In 1958 On a warm summer evening in Pittsburgh Pennsylvania, Dr. Martin Luther King, Jr. at the ripe age of 29, delivered a speech to the Commission on Ecumenical Missions and Relations of the United Presbyterian church entitled “Paul’s Letter to American Christians.” In this, one of my favorite King-ian speeches, young King takes an imaginary journey into the heart of the great Apostle Paul and imagines with these clergymen what the apostle Paul would have to say to their generation about the role of the Church in the struggle for civil rights for ALL Americans. He understood (as most great leaders do), the importance of speaking truth to your audience in a voice that is relevant to their time and context.
Just as Dr. King pondered what the Apostle Paul might say to HIS generation, I too am curious as to what Dr. King would say to us on his 86th birthday. So please allow me to stretch my creative muscles and give you an imaginary letter from the pen of Dr. Martin Luther King, Jr.

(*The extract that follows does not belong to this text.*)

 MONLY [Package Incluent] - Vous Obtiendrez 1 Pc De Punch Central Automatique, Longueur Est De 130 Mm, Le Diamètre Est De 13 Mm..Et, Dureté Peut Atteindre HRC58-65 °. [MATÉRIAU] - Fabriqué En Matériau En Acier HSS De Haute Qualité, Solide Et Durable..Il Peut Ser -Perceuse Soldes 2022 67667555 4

My Dear Sisters and Brothers. My parents, and my children. To my circle of friends in love; I greet you by the grace of Almighty God. As my life’s season pivots to winter I thought it necessary to write to you. As I watch our beloved country through the lens of these weary eyes, my heart rejoices at the advancements and innovations of the times. The world has moved from the distant 6 degrees of separation, to the 1 degree of iPhonation. You have made the lifespan of the American longer than we ever could have imagined. God has blessed this country with great prosperity and power, and for that I offer thanksgiving. To watch the nation come together; white and black, gay and straight, old and young standing together in solidarity on September 11th was a small glimpse into a dream. And then the unspeakable happened. As powerful as my dreams have been; none of them were prophetic enough to see what my eyes eventually beheld. I prepared to meet my Savior when My soul nearly separated from my body as I witnessed Senator Barack Obama become the President of the United States of America. I could hear Sister Aretha Franklin singing “Oh beautiful for spacious skies, for amber waves of grain…” God has seen me through many hard trials. And I have considered myself a man of faith. But when I realized what had taken place…I knew without a shadow of a doubt, that God is real! Coretta and I prayed and we cried. Prayers and Tears of thanksgiving, but also of terrible fear.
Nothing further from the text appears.